The Narendra Modi government, worried about malware and cyber-attacks that could cripple power and communications (remember the telecoms equipment maker Huawei and the data-protection hackles it raised both in the United States and India?), is moving to ring-fence Chinese companies, asking probing questions about security and requiring local units to hire Indians in senior management roles. That hasn’t prevented Huawei from expanding here — it plans to double market share soon. Overall, Chinese makers accounted for 51.4 per cent of India’s smartphone market in the first quarter of 2017 — a 142 per cent year-on-year growth. 

It is not going to be easy to disentangle the two economies. Here are some figures to illustrate how dependent we have become on Chinese goods: India’s imports from China totalled $1.5 billion in 2000-01, or just half of imports from the United States. By 2016-17 imports from China had ballooned to $61.29 billion, while imports from the US had grown far more slowly to $22.34 billion. India’s exports to China, on the other hand, have struggled up to $10.2 billion in 2016-17 from $831 million in 2000-01.  In contrast, India’s exports to the US have jumped to $42.3 billion in 2016-17 from $9.3 billion in 2000-01. 

Put differently, India ran a trade deficit with China of over $51 billion in 2016- 17 (nearly half of our global trade deficit of $108 billion), and a trade surplus of about $20 billion with the United States.

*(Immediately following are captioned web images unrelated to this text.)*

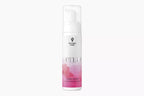 Victoria Vynn SENSO Love Me Hand Wash Cleansing & Smoothing Foam - 200ml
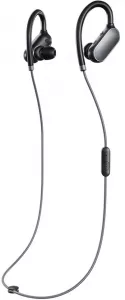 Наушники Xiaomi Mi Sports Bluetooth Earphones YDLYEJ01LM Black фото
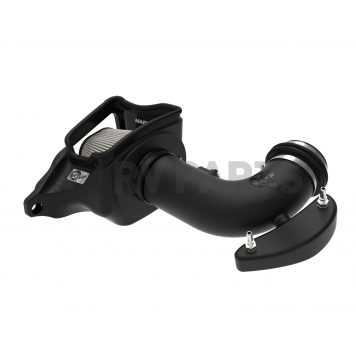 Advanced FLOW Engineering Cold Air Intake - 54-13041D-5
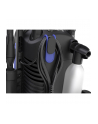Nilfisk Core 130-6 PowerControl - PCA (wersja europejska) - nr 16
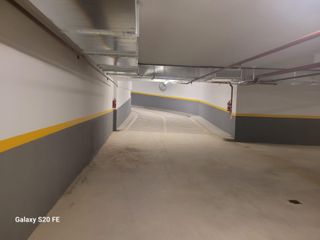 Foto 10 de Cochera en Alquiler
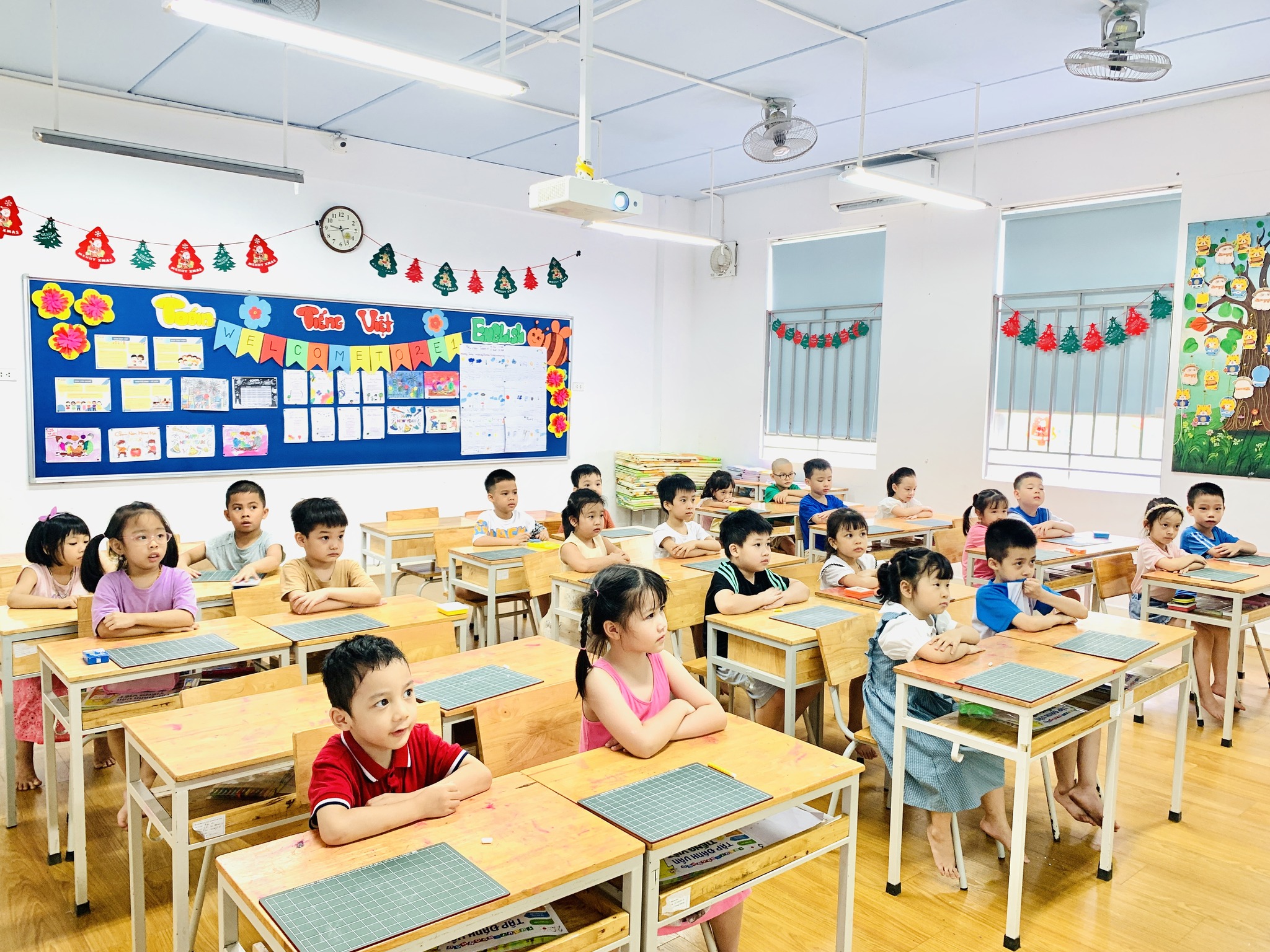 355307653 637398045080775 6772181248632753037 n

We import every conceivable item from China. The list is long and numbing.  Department of Commerce data show that the biggest items we bought from China in 2016-17 were organic chemicals ($5.6 billion), fertilisers ($1.25 billion), plastic items ($1.85 billion), and iron and steel, raw material as well as finished products ($2.58 billion). Then there are the really big-ticket items: nuclear reactors, boilers, machinery, etc. (which rose to $11.12 billion in 2016-17 from $10.55 billion in 2015-16) and electrical machinery and electronic goods ($21.98 billion).  

Small Indian manufacturers I spoke with complained that Chinese products were sub-standard and came with built-in rapid obsolescence.  But they were at least a quarter of Indian prices. “Even when a buyer wants to buy Indian, he uses Chinese prices to negotiate us down to a level where our profit margins are paper-thin,” one manufacturer grumbled.  Fortunately, Indians give the Chinese a run for their money on precision-engineering products, automobile parts like gears, and ball-bearings. China is good at mass manufacturing, but Japan still holds sway in measuring instruments and micro-electronics.  But are we ever going to graduate from Hindi-Chini buy buy?